We found that BCR and TLR signals synergize to elevate rapidly AID expression in immature/T1 B cells to approach that of GC B cells. This rapid synergy requires phospholipase-D (PLD) activation, endosomal acidification, and MyD88, but is not triggered by ligands for cell surface TLRs. Repertoire analyses of single B cells revealed that immature/T1 B cells from MyD88-deficient mice showed increased autoreactivity. Finally, we show that inhibition of endosomal TLR activation by chloroquine relaxes central B cell tolerance in autoreactive 3H9 and 2F5 knock-in mice (Chen et al., 1995b; Verkoczy et al., 2011). Our findings suggest that the first tolerance checkpoint is specialized for B cells that bind damage associated molecular pattern (DAMP) ligands.

Results

BCR and endosomal TLR signals synergistically activate immature/T1 B cells and elicit high levels of AID expression

To identify signaling pathways that increase AID expression in autoreactive, immature/T1 B cells, we sorted bone marrow immature/T1 B cells from B6 mice, stimulated these cells in vitro with F(ab’)2 anti-IgM antibody (anti-µ), CpG, LPS, or combinations of these stimuli for 24 h, and quantified AID message levels (Figure 1A). Compared to cells in medium alone, addition of anti-µ did not significantly alter AID message in immature/T1 B cells; in contrast, CpG and LPS comparably elevated AID message to levels 2- to 3-fold above freshly isolated immature/T1 B cells. Co-activation of immature/T1 B cells by anti-µ+CpG synergistically increased AID mRNA expression, to levels >10-fold above ex vivo immature/T1 B cells and to levels near that of GC B cells.
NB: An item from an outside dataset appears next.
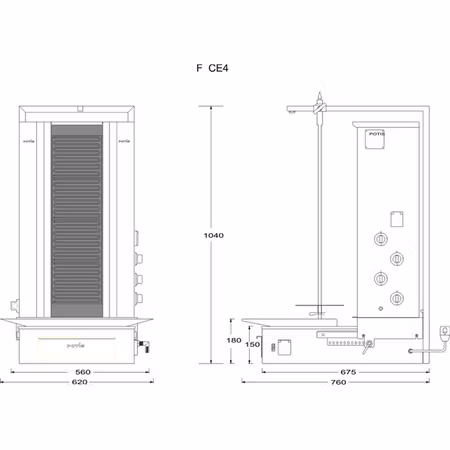 Kebabgrill F CE4, 50kg kött effekt:7,6kW, POTIS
By contrast, no synergy was observed in immature/T1 B cells stimulated by anti-µ+LPS (Figure 1A) or in mature follicular (MF) B cells stimulated by anti-µ+CpG (Figure 1B). BCR and endocytic TLR signals rapidly and synergistically upregulate AID mRNA expression in immature/T1 B cells.

Figure 1. Anti-µ+CpG co-activation synergistically elevated AID mRNA expression in immature/T1 B cells.

Figure 1

Quantitative PCR analysis of AID mRNA levels in bone marrow immature/T1 B cells (A) and splenic MF B cells (B) cultured for 24 h in the presence of indicated stimuli (n = 4–15). AID expression in splenic GC B cells (∇; n = 4) from NP-CGG/alum immunized mice are shown in both panels. Each point represents an individual mouse and determination from at least 4 independent experiments. n.s., not significant (P > 0.05), ***P < 0.001, ****P < 0.0001, unpaired Student’s t -test. See also Figure S4.
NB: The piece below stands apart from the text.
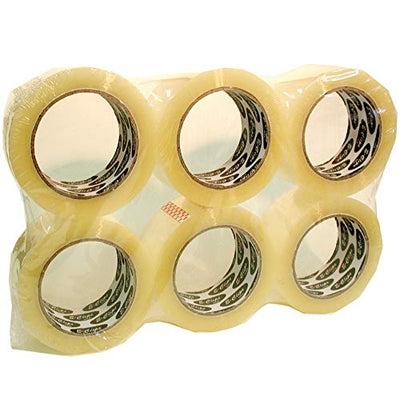 Packing Tape, Industrial, Clear, 2" x 110 Yds, 6 Pk Case Pack of 6, Ideal for Bulk Buyers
PLD, endosomal acidification and MyD88 are required for high levels of AID expression in immature/T1 B cells

To explore the mechanism responsible for the synergy of BCR and TLR signals in AID mRNA expression, we used specific inhibitors that block specific intersections of the BCR and TLR signaling pathways (Chaturvedi et al., 2008). Given that internalized BCR and TLR9 co-localize in an autophagosome-like compartment where they synergize in downstream signaling via a PLD-dependent mechanism (Chaturvedi et al., 2008), we hypothesized that co-localization of BCR and TLR9 might direct synergistic AID up-regulation elicited by anti-µ+CpG (Figure 1A). Indeed, in immature/T1 B cells, anti-µ+CpG co-activation resulted in co-localization of BCR and TLR9 (Figures 2A and 2B). Further, addition of an inhibitor of PLD activity, normal (n)-butanol, to cultures of immature/T1 B cells (Figures 2C and 2E) inhibited this co-localization of BCR and TLR9 (Figure 2C). Whereas n-butanol did not significantly affect constitutive AID mRNA expression or its upregulation by CpG, the synergy of anti-µ+CpG on Aicda expression was inhibited in a dose-dependent manner and abrogated (to the levels of CpG alone) by 1.0% n-butanol (Figure 2E).

Figure 2. PLD activation, endosomal acidification and Myd88 are required for anti-µ+CpG-induced synergistic AID up-regulation in immature/T1 B cells.

Figure 2

(A–D) Representative images of immature/T1 B cells (IgM, TLR9, DIC and merged images) cultured with indicated stimuli. Top and bottom represents two independent cells. Scale bars: 5 µm. (E–G) AID mRNA levels in immature/T1 B cells stimulated with CpG or anti-µ+CpG in the presence of various concentrations of (E) n-butanol (v/v, n = 4) or (F) chloroquine (n = 3–4). (G) AID mRNA levels in immature/T1 B cells from B6 and B6.Myd88 −/− mice before (n = 13) and after culture (n = 4) in the presence of CpG or anti-µ+CpG. Each point represents an individual mouse and determination from at least 2 independent experiments. n.s.: not significant, P > 0.05; *P < 0.05, **P < 0.01, ***P < 0.001, unpaired Student’s t test. See also Figure S1.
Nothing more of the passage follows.